Now the situation in Belarus depends largely on what is happening in Ukraine. If Europe continues to support Ukraine, if Ukrainians are ready to fight, and they are ready to fight, although now they are in terrible, difficult conditions, in conditions of power cuts, when people are forced to evacuate from major cities, from Kiev, among others, in conditions of a difficult situation on the front.

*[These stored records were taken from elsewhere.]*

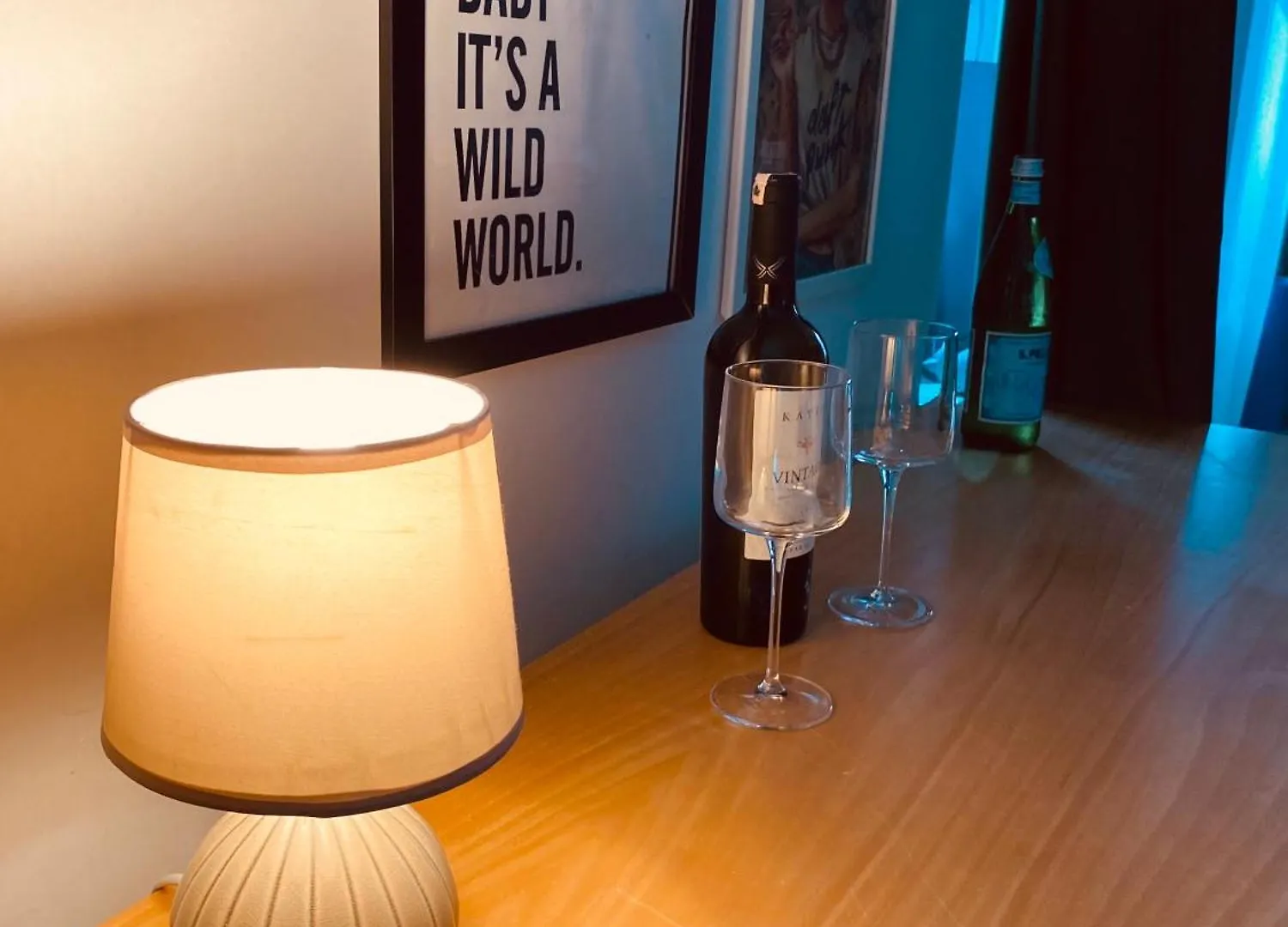Top Location! Cozy-Stylish Suite - Karakoy #1 Istanbul
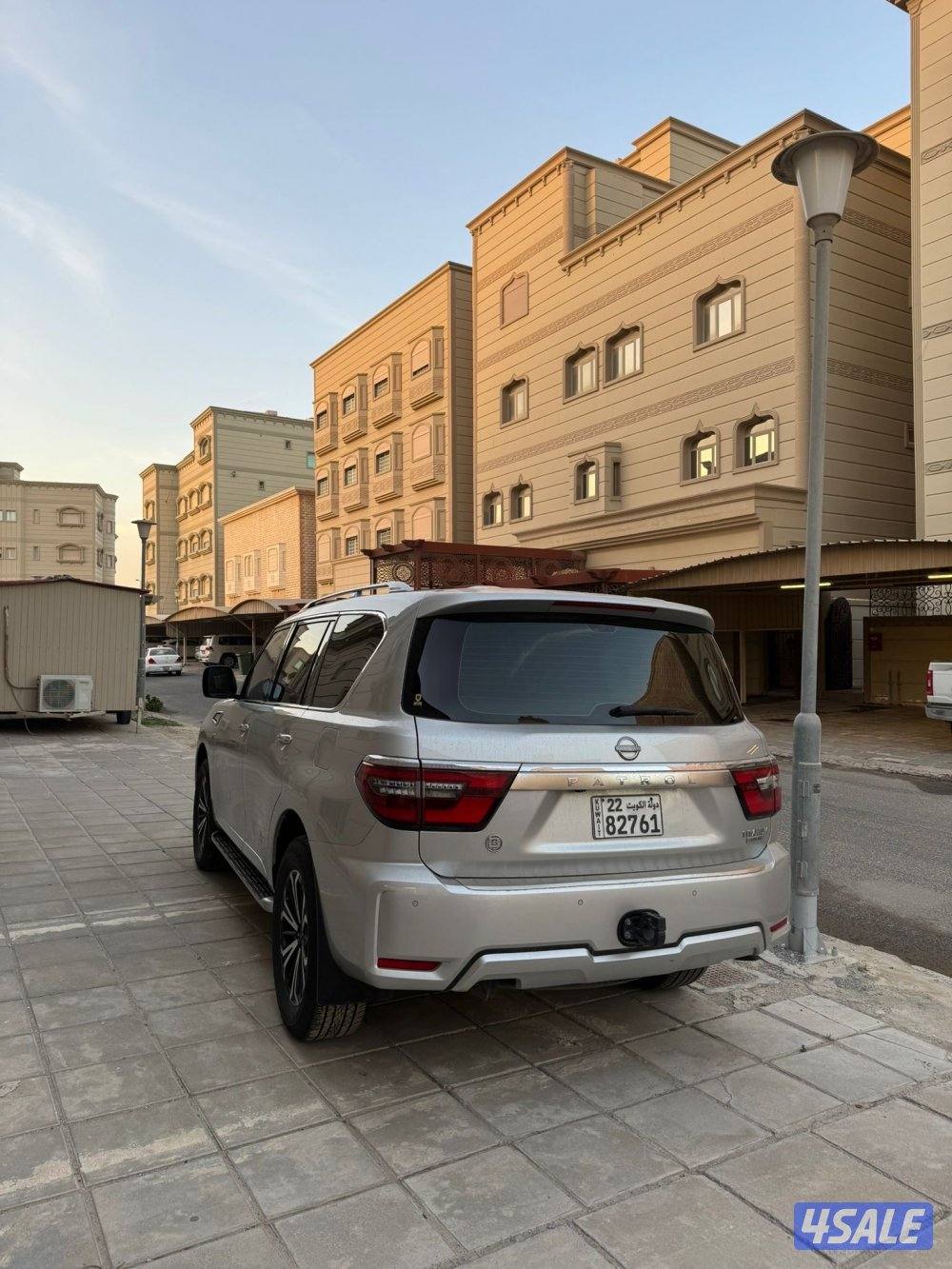 تيتانيوم V81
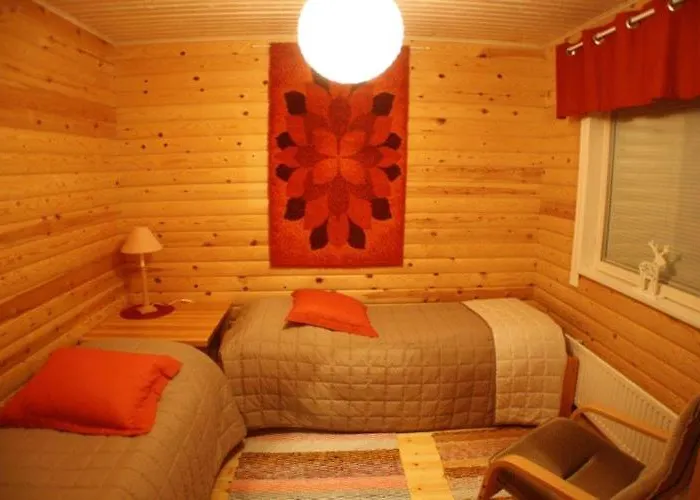 Alpstuga Hillatupa 2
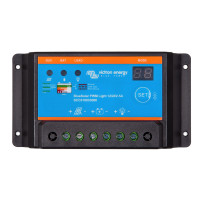 Regulator Victron Energy BlueSolar PWM Light 12/24V – 5A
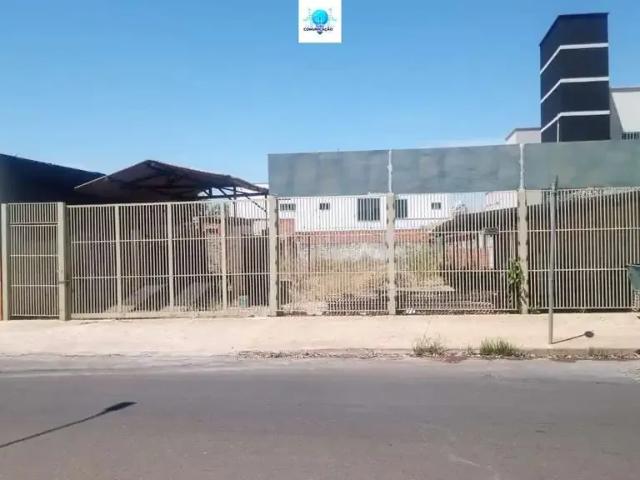 Terreno em Condomínio para Venda em Goiânia/GO Setor Sudoeste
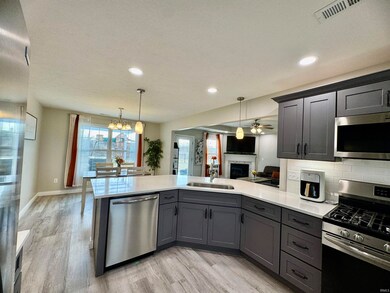 1941 Marjorie Ln, Kokomo, IN 46902 - photo 7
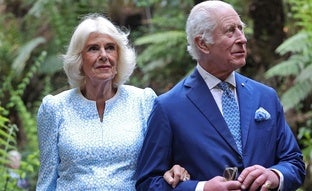 El motivo por el que Carlos III ha recuperado la ilusión no es Camilla Parker: «Está completamente enamorado»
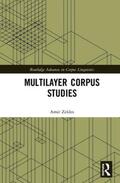 Zeldes |  Multilayer Corpus Studies | Buch |  Sack Fachmedien
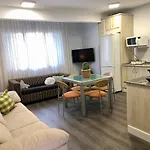 Apartament la Punta de la Móra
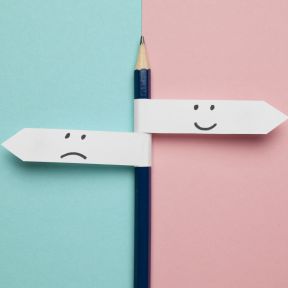 زندگی با اختلال دوقطبی
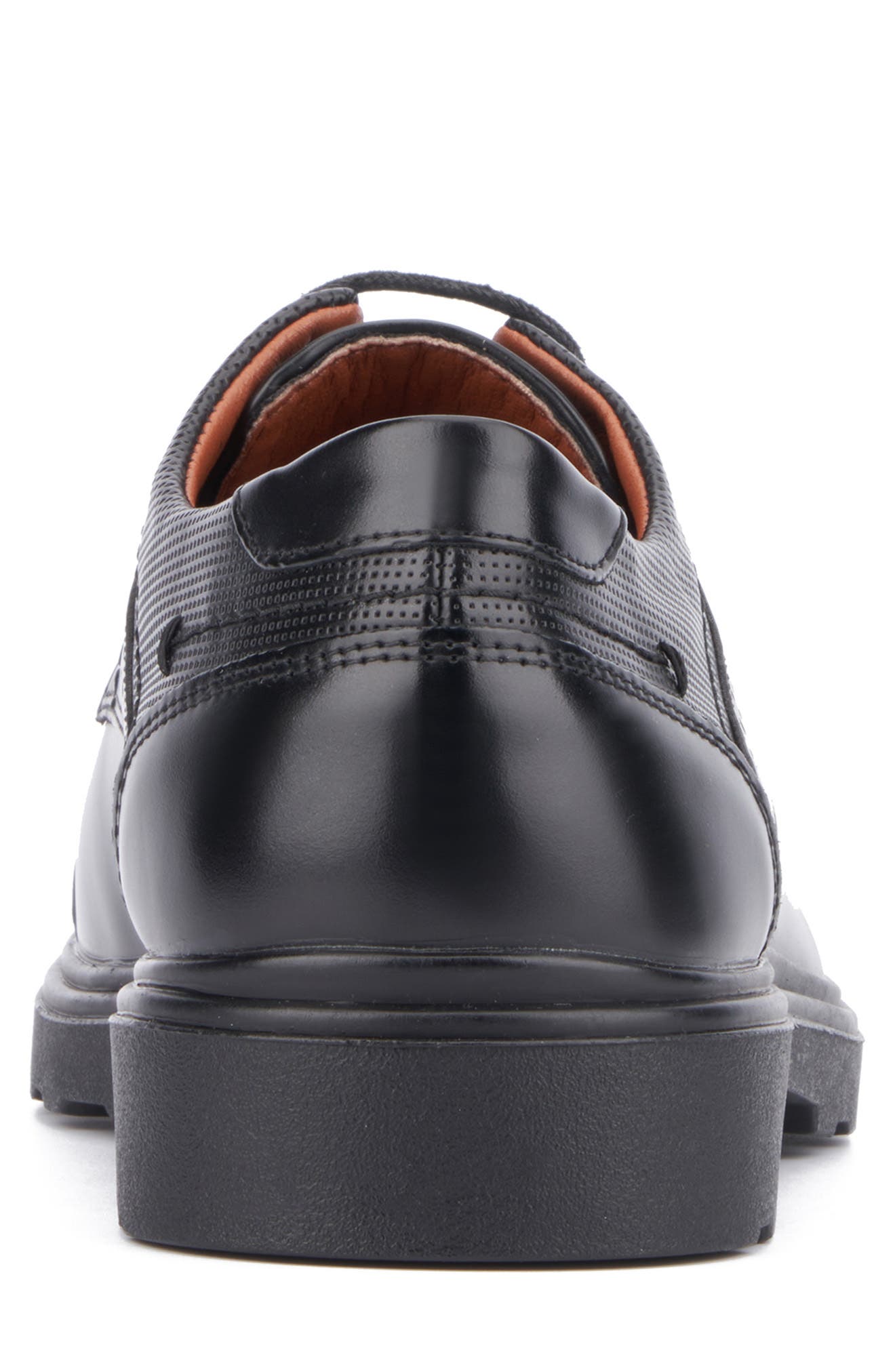 XRAY Dawson Brogue Derby, Alternate, color, Black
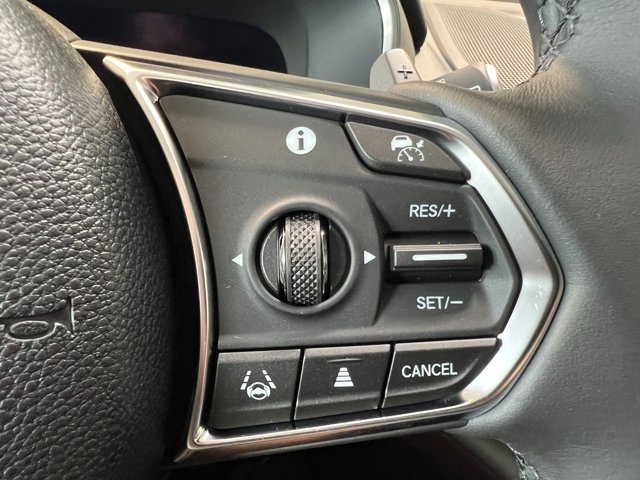 2025 Acura MDX w/Technology Package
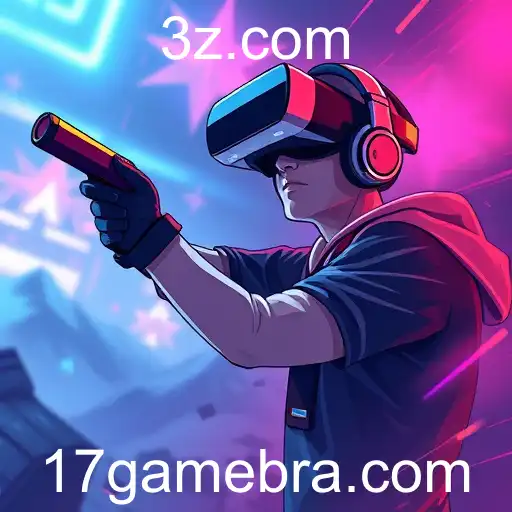A Ascensão do Portal 17game no Mundo dos Jogos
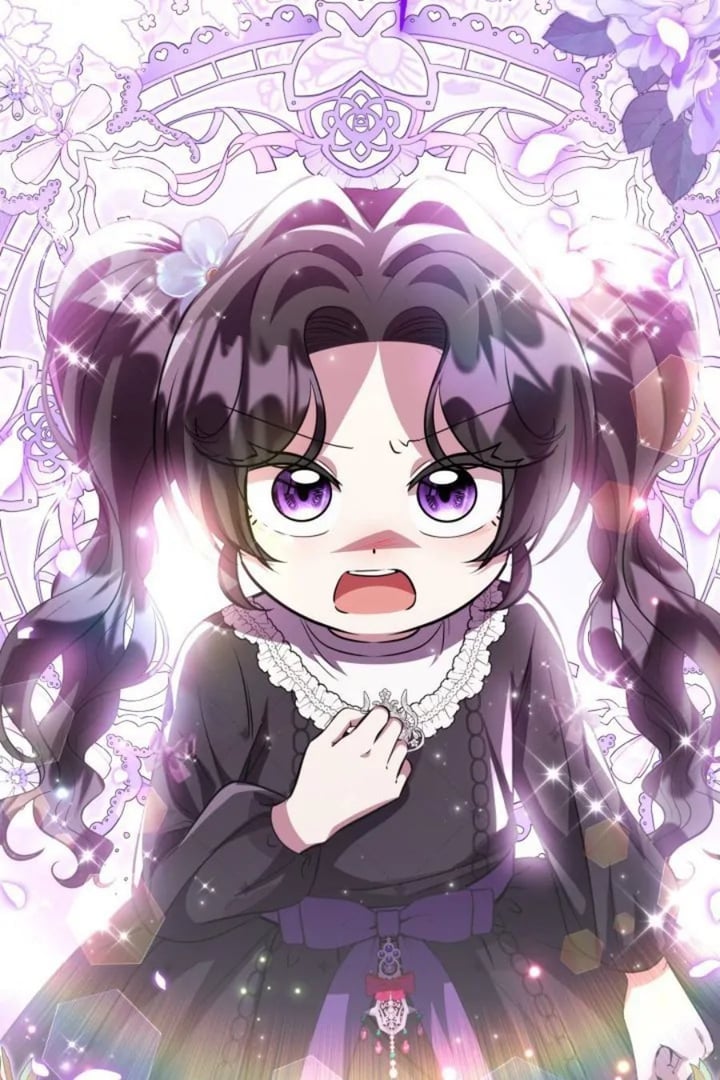 Baca The Villain's Daughter Plans To Run Away - Chapter 72 halaman 58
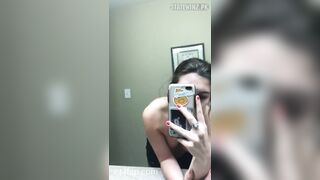 Maddie Smith Social Media Leaked Amateur Nude Girl Porn Video 2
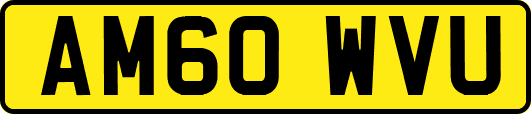 AM60WVU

Nevertheless, Ukraine is fighting and holding back the onslaught of the Russian army. The active phase of the war has lasted longer than the Great Patriotic War. Russia, despite some successes in the first months, is losing. It cannot advance. The district center is stormed for a year, some small settlements are captured. This is talked about as great victories, but in fact the front line has hardly changed since 2023. Under these conditions, if Europe continues to support Ukraine, if Ukrainians are ready to fight for their country, they will win. Russia has very big problems right now: budget deficit, rising military spending. Even the Soviet Union was once hamstrung by the war in Afghanistan and the arms race, the fact that it had to spend a lot of money on defense. Russia has far fewer opportunities. And if Ukraine wins, it opens a window of opportunity for Belarus and for many nations that are part of the Russian Federation. If Ukraine wins, Russia as it is now will not survive.

- We started talking about 2020. You said that you gathered people, brought them out, but there was a different rhetoric, that people self-organized. Where is the truth?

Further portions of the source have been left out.